**Captioned web images:**
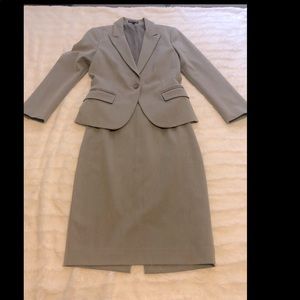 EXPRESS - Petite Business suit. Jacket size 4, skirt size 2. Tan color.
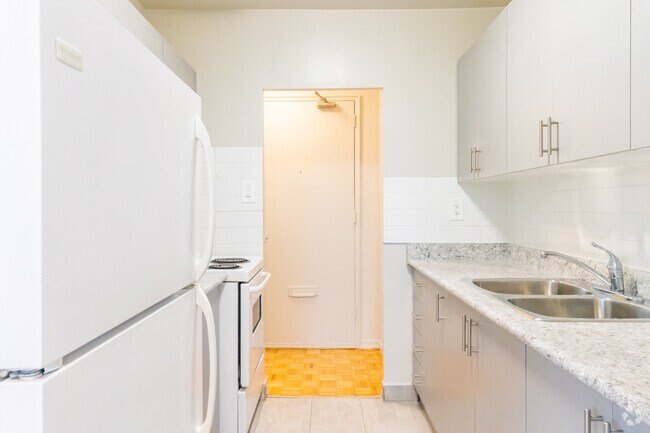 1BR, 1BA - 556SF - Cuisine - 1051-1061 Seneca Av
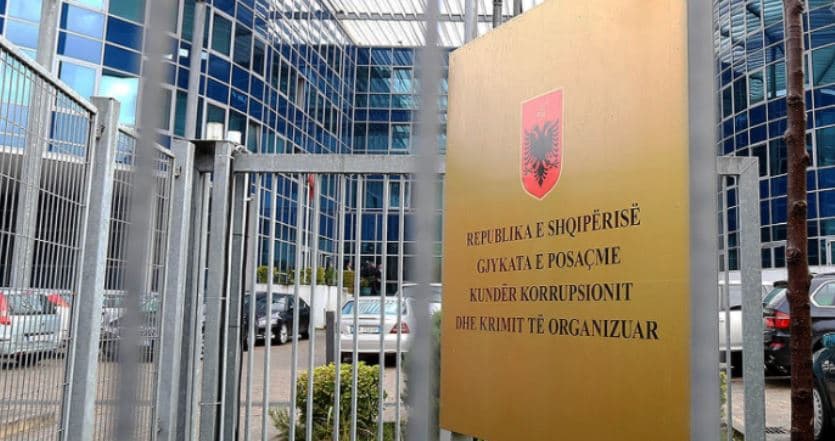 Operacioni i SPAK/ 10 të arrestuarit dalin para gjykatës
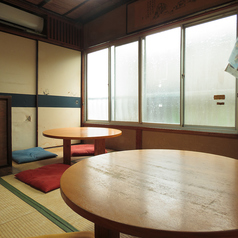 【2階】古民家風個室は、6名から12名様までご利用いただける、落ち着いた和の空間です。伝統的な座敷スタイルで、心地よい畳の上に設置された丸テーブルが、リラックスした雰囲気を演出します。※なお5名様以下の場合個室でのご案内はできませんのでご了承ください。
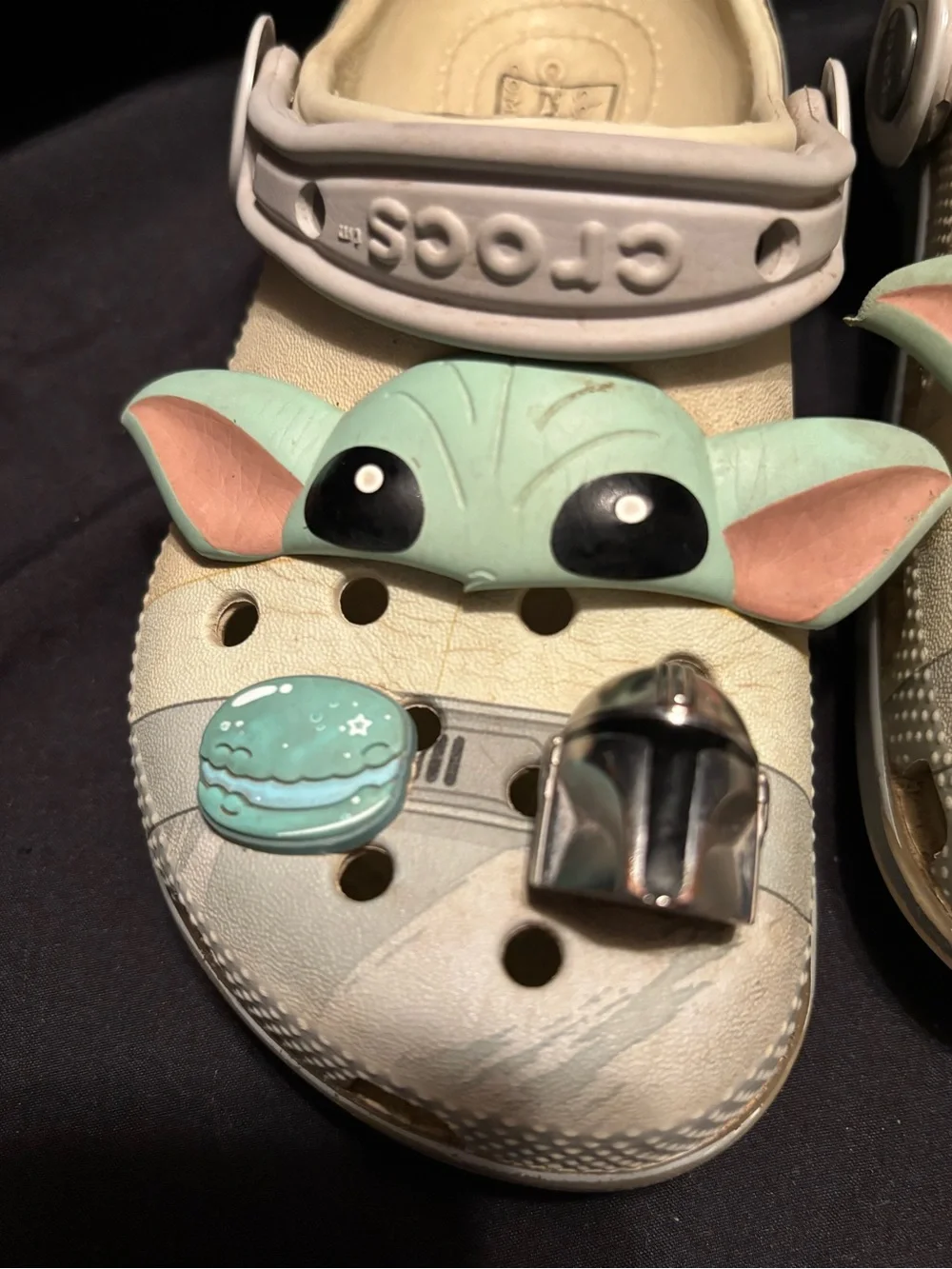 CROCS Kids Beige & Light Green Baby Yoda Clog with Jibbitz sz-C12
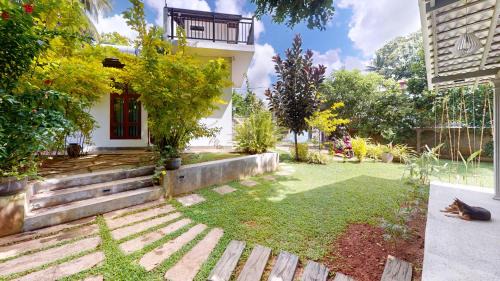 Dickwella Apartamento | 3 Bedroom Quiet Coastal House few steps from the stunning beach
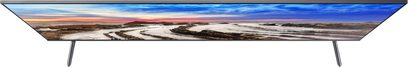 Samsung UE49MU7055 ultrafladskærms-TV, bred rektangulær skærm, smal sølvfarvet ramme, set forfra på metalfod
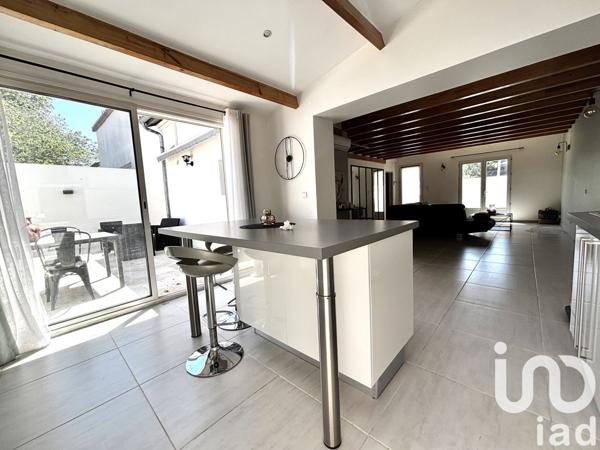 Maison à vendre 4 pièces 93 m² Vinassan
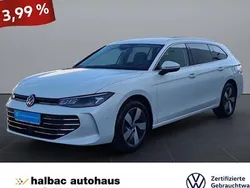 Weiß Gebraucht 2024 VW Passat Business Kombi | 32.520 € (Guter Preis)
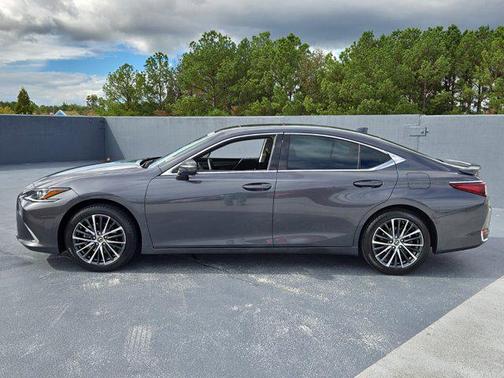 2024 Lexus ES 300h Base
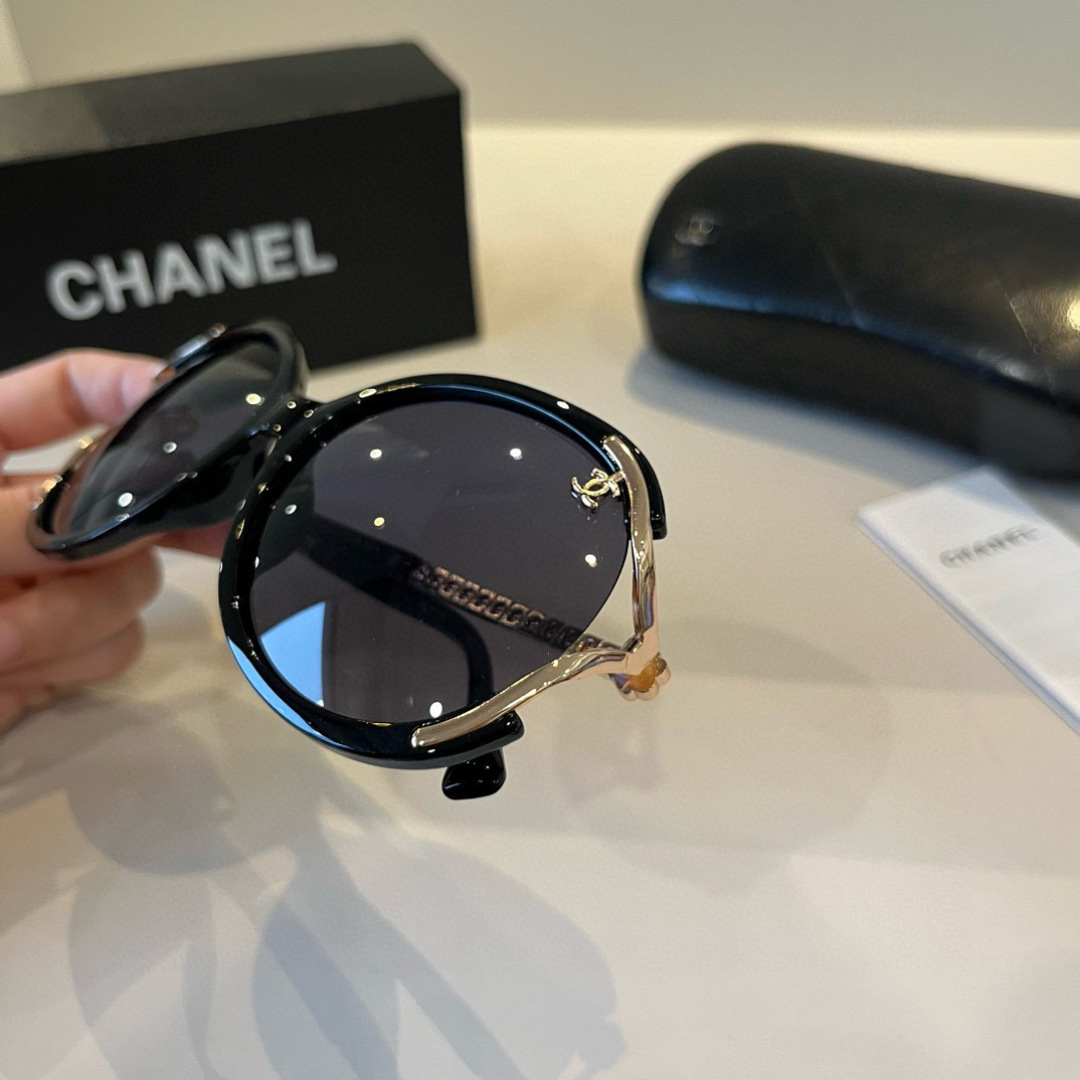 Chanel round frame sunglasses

**Work order:** The answer is the run of lines from the one with "Maison à vendre 4 pièces 93 m² Vinassan" through the final line of the data, copied exactly, and nothing else; no pictures.

**Written solution:**
 Maison à vendre 4 pièces 93 m² Vinassan
 Weiß Gebraucht 2024 VW Passat Business Kombi | 32.520 € (Guter Preis)
 2024 Lexus ES 300h Base
 Chanel round frame sunglasses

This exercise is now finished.